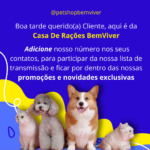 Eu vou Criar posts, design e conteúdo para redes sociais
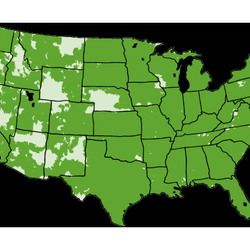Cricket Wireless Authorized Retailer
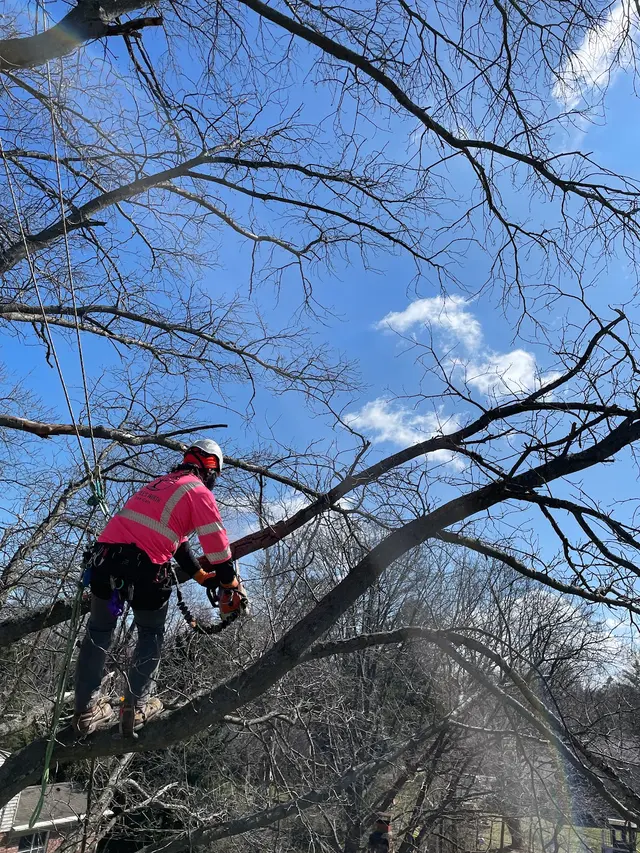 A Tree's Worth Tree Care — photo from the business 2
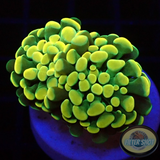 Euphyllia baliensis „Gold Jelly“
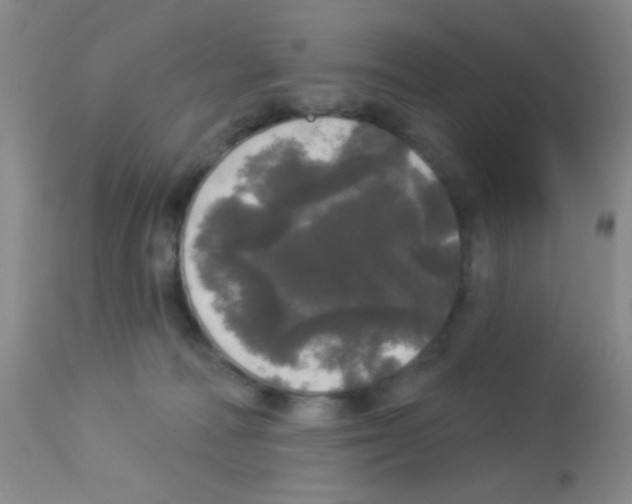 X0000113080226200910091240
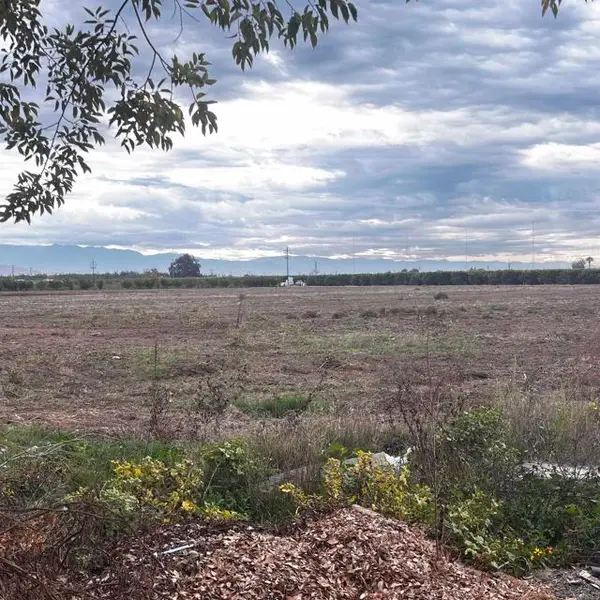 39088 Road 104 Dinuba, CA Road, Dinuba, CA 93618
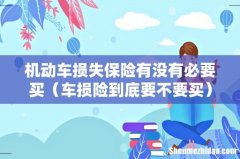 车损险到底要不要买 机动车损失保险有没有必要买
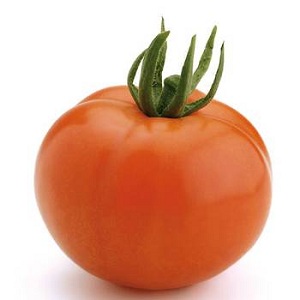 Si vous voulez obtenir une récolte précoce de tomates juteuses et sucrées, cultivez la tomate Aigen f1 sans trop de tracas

---------------

→ TASK DETAILS
The records above should be retyped in full and exactly; omit the pictures.

→ WRITTEN RESPONSE
 Eu vou Criar posts, design e conteúdo para redes sociais
Cricket Wireless Authorized Retailer
 A Tree's Worth Tree Care — photo from the business 2
 Euphyllia baliensis „Gold Jelly“
 X0000113080226200910091240
 39088 Road 104 Dinuba, CA Road, Dinuba, CA 93618
 车损险到底要不要买 机动车损失保险有没有必要买
 Si vous voulez obtenir une récolte précoce de tomates juteuses et sucrées, cultivez la tomate Aigen f1 sans trop de tracas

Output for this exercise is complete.